Short descriptive text snippets:
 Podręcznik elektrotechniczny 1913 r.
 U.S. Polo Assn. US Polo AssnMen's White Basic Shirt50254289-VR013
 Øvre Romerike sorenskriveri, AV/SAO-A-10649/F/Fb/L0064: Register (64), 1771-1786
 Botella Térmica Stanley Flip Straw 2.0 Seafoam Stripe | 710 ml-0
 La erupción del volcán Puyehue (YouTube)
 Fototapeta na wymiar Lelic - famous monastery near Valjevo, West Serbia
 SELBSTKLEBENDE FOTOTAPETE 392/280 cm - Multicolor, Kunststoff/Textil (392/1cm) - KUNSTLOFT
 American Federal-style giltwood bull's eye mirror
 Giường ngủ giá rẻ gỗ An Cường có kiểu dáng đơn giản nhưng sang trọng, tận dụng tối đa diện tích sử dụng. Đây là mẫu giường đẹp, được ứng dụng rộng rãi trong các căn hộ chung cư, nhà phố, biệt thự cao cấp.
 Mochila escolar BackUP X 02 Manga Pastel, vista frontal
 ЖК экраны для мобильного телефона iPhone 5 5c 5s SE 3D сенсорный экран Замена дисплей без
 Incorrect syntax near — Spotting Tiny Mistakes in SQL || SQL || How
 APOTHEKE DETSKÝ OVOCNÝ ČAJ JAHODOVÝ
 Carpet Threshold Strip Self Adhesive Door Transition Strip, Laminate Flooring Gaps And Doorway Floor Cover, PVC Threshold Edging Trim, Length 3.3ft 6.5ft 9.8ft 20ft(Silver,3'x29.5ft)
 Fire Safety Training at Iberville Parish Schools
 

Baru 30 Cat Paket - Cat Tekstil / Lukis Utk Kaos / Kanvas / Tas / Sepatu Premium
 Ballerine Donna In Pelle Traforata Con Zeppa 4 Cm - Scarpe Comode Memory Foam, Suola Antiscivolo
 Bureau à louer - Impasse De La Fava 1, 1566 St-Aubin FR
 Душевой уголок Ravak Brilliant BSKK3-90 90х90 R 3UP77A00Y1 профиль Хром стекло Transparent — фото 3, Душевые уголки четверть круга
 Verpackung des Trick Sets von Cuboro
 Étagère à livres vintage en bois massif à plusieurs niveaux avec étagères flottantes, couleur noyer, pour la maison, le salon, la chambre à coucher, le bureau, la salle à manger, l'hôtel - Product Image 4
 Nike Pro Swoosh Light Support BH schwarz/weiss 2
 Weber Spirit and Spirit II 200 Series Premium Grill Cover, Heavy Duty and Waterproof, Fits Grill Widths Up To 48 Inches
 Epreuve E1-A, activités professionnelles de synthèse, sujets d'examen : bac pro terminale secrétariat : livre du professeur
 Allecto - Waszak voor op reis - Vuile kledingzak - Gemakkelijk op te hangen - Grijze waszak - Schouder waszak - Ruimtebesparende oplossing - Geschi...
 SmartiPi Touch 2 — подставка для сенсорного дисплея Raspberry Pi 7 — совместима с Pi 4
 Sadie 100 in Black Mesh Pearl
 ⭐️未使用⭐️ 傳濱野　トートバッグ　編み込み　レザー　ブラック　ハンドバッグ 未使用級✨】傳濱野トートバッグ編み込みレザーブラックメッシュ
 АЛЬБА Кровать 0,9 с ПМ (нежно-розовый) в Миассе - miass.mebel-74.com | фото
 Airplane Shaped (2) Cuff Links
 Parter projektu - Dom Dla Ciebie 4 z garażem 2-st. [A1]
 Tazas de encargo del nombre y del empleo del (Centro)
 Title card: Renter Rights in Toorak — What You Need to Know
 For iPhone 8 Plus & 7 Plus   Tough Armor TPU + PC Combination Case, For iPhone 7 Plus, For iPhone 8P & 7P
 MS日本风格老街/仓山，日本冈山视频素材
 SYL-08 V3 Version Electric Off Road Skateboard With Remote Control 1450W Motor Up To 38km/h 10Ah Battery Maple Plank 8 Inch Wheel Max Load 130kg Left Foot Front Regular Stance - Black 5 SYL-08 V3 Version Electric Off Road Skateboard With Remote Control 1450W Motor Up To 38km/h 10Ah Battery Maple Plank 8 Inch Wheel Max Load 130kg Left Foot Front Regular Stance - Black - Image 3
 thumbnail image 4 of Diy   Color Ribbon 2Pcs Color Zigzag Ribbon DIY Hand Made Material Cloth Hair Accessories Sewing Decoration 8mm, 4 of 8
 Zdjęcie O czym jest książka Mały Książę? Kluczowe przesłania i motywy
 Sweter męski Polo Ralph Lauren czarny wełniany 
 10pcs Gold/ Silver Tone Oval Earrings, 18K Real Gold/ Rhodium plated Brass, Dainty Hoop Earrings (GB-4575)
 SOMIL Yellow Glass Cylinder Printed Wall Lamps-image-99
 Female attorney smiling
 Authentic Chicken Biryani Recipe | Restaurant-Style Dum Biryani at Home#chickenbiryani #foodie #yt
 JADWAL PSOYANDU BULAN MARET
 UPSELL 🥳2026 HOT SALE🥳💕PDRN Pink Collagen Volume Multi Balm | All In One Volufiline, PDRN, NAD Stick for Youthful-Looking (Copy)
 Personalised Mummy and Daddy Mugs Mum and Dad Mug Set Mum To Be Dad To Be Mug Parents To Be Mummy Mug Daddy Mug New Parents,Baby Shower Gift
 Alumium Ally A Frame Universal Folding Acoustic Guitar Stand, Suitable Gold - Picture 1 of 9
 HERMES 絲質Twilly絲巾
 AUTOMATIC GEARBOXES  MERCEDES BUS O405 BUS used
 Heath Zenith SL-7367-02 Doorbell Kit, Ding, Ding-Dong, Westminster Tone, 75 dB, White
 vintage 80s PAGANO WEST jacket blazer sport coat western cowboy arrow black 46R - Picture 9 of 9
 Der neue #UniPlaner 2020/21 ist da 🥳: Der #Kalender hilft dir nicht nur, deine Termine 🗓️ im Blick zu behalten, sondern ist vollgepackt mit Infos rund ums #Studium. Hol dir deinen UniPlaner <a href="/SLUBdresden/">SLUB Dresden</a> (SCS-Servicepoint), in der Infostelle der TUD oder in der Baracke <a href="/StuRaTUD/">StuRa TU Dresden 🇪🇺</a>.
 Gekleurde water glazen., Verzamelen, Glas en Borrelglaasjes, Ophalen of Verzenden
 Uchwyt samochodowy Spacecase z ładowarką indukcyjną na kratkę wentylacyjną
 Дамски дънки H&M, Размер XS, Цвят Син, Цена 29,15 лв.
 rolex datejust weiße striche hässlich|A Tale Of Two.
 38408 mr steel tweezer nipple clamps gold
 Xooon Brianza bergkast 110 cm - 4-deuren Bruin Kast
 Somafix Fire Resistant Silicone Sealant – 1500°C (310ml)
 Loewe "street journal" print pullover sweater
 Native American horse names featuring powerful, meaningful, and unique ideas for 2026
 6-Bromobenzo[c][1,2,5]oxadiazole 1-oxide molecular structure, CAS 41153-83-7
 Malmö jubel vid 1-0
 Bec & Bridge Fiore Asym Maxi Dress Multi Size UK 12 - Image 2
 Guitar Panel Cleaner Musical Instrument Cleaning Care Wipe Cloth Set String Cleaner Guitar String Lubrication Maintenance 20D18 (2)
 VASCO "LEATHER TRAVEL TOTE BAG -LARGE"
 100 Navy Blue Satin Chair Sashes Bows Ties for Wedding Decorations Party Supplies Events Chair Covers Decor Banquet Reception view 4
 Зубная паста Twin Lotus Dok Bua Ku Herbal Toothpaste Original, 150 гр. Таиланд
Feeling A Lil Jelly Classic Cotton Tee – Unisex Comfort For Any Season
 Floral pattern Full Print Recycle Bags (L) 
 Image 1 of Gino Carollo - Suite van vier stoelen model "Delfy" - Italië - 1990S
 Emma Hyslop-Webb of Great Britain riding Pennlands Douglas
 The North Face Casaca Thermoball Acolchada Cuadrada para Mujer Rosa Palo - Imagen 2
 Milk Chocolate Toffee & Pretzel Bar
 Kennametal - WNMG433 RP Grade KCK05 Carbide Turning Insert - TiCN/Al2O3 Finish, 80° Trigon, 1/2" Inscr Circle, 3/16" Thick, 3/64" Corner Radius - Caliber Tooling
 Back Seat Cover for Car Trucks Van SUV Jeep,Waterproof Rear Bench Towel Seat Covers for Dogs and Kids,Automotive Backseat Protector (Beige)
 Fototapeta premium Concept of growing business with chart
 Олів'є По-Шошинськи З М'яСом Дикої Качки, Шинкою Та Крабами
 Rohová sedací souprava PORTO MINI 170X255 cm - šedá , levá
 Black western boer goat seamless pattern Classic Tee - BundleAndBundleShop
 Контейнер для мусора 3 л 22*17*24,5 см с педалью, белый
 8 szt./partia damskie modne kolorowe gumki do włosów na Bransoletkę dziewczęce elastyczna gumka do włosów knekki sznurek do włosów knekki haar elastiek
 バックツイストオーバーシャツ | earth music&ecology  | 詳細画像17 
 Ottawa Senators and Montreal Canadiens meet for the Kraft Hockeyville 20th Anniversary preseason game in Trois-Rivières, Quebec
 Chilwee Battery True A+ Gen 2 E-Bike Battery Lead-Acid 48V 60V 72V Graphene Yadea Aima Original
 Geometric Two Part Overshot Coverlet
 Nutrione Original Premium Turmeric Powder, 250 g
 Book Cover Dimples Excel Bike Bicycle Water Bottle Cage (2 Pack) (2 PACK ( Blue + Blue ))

ACTIVITY
The first line of the entries, the line with "Botella Térmica Stanley", and every line between them should be retyped exactly, and nothing else.

THE ANSWER
 Podręcznik elektrotechniczny 1913 r.
 U.S. Polo Assn. US Polo AssnMen's White Basic Shirt50254289-VR013
 Øvre Romerike sorenskriveri, AV/SAO-A-10649/F/Fb/L0064: Register (64), 1771-1786
 Botella Térmica Stanley Flip Straw 2.0 Seafoam Stripe | 710 ml-0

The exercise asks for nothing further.